Sondra Perry, "Resident Evil," 2016. Installation view, The Kitchen, detail. © Jason Mandella.

IN AN AGE when anyone with internet access can download a digital file of a TV show in order to create a mash-up for YouTube or a GIF for Twitter, it is easy to forget that, for most of the medium’s history, television was a one-way stream. By 1977, the average American family was watching television some seven hours and twenty minutes per day. And yet, despite what artist Dara Birnbaum once called television’s “seemingly seamless flow,” it remained elusive, ungraspable—it was broadcast into private homes, but Americans could not possess it, could not physically hold it the way they could a book or painting. This is what made television, in Birnbaum’s view, a particularly pernicious medium. TV could act upon us, dizzying us with images of violence, sex, and consumer goods, but we could not act upon it.

Though trained as an architect, Birnbaum turned to making video art in order to “talk back” to TV. In the videos she created throughout the late 1970s and early ’80s, Birnbaum spliced, edited, and radically reconfigured clips from popular television shows—Wonder Woman, Laverne & Shirley, Hollywood Squares—in order to expose the ideologies embedded deep within them. With a razor-sharp understanding of televisual semiotics, Birnbaum used the conventions of each TV genre against itself: to critique the conservative gender politics of Laverne & Shirley, she employed the classic sitcom two-shot; to equate the subtle violence of corporate advertising with the spectacular violence of police shoot-outs in shows such as Kojak, she exploited the crime drama reverse-shot. Few critics are capable of describing Birnbaum’s video practice without mentioning the “rapid-fire” editing techniques that make works like Technology/Transformation: Wonder Woman (1978–1979) and Kojak/Wang (1980) so disorienting. But in repeating select scenes from these shows over and over again, Birnbaum sought to create moments of suspension and arrest—to force the viewer to pause and to consider precisely what political logics were at play in the images that they were seeing.
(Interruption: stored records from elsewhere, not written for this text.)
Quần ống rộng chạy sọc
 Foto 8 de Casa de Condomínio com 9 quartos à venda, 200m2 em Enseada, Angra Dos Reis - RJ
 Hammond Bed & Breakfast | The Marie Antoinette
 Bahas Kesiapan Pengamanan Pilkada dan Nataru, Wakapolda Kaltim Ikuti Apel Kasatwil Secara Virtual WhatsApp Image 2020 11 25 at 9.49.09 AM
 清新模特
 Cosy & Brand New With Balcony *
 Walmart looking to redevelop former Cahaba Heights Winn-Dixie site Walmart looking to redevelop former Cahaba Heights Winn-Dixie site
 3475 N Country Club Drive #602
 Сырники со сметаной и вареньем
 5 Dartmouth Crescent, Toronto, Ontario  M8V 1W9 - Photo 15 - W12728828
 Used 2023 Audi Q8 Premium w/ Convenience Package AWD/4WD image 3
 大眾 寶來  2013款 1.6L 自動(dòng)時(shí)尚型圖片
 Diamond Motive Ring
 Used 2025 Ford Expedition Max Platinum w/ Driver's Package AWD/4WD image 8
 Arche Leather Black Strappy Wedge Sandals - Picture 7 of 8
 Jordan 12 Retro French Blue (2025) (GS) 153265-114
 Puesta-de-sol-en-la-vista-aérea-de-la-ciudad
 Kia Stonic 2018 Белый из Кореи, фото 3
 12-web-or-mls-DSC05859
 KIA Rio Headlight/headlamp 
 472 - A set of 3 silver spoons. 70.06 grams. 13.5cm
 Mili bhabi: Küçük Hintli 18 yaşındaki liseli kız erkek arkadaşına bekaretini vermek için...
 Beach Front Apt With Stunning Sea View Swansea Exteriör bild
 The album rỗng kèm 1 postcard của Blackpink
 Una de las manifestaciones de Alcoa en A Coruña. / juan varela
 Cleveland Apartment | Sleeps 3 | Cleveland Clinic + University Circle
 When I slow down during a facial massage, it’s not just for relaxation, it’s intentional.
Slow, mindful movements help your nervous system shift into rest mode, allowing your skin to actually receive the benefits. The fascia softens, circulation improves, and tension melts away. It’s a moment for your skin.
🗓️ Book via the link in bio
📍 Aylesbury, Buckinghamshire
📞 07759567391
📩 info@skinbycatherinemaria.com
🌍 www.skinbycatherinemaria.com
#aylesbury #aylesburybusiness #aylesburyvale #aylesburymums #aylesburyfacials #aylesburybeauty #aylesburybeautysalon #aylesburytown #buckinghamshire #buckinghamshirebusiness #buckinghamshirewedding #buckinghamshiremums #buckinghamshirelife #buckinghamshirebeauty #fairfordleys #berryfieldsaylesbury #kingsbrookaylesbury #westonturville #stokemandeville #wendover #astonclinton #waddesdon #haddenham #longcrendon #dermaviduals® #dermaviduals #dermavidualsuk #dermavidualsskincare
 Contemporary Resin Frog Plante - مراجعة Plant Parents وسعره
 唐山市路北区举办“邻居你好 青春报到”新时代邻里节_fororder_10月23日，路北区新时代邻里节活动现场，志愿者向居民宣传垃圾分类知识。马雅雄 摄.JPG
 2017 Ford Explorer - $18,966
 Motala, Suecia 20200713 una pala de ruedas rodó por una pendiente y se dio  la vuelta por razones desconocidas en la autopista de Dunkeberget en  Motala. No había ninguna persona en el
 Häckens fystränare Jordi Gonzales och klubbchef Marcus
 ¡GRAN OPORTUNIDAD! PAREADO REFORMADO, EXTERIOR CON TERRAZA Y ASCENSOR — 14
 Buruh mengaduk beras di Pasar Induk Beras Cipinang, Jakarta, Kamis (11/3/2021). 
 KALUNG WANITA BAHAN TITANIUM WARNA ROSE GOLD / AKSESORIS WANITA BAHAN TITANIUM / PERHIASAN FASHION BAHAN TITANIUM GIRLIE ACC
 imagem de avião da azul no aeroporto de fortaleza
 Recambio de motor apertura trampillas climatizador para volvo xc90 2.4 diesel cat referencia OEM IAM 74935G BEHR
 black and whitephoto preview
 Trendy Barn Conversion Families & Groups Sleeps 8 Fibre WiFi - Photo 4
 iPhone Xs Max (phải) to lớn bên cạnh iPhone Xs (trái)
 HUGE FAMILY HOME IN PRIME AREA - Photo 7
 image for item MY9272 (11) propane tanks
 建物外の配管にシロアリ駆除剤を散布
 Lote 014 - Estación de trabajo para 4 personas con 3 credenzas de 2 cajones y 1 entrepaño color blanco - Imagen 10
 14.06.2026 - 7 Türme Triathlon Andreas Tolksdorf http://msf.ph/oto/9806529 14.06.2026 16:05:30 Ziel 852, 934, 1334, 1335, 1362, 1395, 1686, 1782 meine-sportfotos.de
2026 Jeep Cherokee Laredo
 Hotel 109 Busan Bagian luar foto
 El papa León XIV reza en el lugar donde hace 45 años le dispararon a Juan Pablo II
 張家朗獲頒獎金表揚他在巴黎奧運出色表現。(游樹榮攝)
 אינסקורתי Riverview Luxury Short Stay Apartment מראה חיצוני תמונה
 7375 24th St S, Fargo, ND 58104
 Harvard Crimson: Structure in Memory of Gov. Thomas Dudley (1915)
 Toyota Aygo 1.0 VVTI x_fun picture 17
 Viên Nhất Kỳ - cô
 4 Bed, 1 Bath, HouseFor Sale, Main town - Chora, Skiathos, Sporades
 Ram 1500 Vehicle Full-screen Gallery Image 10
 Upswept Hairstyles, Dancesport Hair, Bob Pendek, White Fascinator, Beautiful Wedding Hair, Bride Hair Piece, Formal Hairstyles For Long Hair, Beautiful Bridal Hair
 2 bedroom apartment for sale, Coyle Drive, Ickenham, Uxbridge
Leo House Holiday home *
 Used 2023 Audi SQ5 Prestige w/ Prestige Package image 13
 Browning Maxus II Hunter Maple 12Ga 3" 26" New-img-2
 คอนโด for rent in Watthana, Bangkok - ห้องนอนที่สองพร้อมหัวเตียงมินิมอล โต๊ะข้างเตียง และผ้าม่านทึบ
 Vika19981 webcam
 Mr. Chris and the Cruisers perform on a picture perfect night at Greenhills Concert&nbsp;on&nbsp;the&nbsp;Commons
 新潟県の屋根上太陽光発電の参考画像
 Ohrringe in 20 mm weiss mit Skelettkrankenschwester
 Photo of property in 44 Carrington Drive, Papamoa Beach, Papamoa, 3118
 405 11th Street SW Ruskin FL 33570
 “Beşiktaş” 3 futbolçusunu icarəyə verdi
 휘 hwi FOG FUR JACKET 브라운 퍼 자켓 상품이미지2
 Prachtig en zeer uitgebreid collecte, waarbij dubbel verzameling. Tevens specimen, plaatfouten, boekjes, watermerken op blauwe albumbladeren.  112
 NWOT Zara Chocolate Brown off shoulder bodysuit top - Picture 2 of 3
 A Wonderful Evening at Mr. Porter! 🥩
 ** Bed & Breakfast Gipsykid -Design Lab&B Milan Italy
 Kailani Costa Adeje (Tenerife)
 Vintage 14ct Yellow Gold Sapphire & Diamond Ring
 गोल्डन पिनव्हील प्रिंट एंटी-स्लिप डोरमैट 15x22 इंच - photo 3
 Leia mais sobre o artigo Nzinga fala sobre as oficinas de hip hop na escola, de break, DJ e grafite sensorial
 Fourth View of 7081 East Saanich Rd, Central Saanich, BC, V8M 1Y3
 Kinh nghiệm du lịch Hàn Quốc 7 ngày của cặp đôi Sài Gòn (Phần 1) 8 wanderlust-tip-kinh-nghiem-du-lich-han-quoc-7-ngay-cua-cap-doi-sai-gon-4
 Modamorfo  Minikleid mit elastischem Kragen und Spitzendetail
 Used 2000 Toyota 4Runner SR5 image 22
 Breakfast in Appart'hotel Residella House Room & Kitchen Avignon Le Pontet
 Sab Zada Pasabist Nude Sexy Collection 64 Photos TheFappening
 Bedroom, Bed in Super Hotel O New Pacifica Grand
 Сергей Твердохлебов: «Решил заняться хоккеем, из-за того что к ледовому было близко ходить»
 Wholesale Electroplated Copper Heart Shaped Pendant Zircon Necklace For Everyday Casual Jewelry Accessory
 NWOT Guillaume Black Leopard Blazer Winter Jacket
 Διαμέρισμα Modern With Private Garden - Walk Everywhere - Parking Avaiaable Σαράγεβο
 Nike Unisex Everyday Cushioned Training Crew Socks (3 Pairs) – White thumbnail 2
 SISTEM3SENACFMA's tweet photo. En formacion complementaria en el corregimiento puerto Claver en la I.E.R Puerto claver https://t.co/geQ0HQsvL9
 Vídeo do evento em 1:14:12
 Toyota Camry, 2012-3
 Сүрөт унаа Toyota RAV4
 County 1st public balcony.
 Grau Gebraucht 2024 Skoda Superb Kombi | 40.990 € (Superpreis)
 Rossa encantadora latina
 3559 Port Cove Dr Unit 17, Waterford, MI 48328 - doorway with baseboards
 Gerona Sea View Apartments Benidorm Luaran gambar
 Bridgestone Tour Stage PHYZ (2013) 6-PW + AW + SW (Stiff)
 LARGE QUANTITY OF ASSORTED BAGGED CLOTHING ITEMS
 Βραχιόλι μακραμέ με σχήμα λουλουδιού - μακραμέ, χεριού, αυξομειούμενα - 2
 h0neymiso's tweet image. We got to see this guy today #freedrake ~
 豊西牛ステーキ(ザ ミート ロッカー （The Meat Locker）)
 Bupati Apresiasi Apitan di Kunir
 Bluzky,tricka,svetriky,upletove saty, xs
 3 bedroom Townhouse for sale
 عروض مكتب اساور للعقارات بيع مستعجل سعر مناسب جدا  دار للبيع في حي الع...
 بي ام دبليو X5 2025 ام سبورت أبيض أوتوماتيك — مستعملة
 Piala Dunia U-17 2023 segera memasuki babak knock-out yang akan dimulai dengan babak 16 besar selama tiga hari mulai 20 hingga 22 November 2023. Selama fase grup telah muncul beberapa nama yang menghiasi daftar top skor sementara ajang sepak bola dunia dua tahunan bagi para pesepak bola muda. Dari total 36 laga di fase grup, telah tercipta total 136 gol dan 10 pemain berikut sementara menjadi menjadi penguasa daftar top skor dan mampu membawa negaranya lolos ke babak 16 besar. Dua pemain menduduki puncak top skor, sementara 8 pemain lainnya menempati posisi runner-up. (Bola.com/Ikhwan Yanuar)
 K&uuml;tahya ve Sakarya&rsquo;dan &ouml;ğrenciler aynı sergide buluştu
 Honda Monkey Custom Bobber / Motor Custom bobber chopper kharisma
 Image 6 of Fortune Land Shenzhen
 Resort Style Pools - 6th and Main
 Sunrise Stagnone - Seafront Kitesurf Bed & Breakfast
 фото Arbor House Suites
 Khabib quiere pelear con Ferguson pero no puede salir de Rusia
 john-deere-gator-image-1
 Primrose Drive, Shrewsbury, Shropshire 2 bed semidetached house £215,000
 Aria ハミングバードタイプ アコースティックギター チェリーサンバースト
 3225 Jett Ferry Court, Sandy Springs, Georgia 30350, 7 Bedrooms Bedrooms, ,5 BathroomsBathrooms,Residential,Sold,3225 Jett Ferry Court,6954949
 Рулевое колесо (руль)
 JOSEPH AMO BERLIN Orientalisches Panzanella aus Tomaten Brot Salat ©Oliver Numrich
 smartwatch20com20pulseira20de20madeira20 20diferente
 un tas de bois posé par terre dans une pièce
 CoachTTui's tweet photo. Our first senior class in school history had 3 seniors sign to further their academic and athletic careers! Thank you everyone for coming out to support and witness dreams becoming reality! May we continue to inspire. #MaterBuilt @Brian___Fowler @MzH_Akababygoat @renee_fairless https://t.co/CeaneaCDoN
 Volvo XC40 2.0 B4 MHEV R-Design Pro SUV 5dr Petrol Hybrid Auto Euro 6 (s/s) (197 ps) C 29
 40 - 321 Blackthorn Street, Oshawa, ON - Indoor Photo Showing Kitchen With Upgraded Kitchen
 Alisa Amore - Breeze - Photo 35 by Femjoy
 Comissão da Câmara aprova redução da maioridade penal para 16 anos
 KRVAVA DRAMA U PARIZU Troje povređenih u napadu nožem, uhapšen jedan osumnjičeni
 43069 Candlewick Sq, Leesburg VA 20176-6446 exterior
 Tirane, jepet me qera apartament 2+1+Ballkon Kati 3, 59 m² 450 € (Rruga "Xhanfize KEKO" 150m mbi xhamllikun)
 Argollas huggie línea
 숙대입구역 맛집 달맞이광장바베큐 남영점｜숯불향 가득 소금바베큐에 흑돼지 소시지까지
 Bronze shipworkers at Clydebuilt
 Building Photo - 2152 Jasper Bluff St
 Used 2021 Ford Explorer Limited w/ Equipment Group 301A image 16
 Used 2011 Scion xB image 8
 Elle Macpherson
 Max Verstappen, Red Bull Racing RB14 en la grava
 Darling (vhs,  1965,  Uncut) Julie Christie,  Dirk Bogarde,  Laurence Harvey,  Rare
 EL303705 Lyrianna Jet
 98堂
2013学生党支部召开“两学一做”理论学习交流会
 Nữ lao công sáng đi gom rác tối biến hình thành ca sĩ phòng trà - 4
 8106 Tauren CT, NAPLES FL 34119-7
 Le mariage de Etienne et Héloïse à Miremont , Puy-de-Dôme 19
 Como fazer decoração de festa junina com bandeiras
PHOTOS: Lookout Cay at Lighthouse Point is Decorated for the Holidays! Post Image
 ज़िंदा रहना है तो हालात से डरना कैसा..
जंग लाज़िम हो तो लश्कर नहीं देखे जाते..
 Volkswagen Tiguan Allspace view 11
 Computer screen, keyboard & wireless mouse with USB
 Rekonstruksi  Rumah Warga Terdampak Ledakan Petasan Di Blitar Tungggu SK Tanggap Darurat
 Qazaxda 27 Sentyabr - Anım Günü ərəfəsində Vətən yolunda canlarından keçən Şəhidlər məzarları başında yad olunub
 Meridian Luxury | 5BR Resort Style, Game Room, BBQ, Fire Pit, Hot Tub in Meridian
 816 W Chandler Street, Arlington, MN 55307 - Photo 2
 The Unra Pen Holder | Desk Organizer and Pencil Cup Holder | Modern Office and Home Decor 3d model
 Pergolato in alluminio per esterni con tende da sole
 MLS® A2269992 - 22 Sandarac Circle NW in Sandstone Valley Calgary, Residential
Poster for Dara Birnbaum, *Pop-Pop-Video*, 1980. Courtesy of The Kitchen Archive.

Clocking in at just under six minutes, Technology/Transformation became Birnbaum’s best-known piece. To make the video, Birnbaum adopted a “repeat-edit strategy,” cutting between scenes of screen-filling explosions and scenes of Diana Prince, the show’s eponymous heroine, spinning out of her civilian clothes and into her costume. The character of Wonder Woman was developed by DC Comics in 1941 to combat what Harvard psychologist William Moulton Marston called the “blood curdling masculinity” of superhero comic books, and by the 1970s she had become a somewhat complicated feminist icon, even appearing on the cover of Ms. Magazine in 1972 under the headline “Wonder Woman for President.” But Birnbaum found the idealized depiction of feminine power that the character represented to be empty—even stifling. “You either heroize her, or you underrate her as a secretary,” she said in a recent interview with Hans Ulrich Obrist. “The burst of light says that I’m a secretary—I’m a Wonder Woman. Where I am is in between.” Spinning like a toy top, Wonder Woman’s agency is not entirely her own. Rather, it belongs, in Birnbaum’s view, to the TV industry—to an industry where men used the figure of the superheroine as a ruse to market what she called, in a 2002 interview with Nicolás Guagnini, a “commodified, corporate image of women.”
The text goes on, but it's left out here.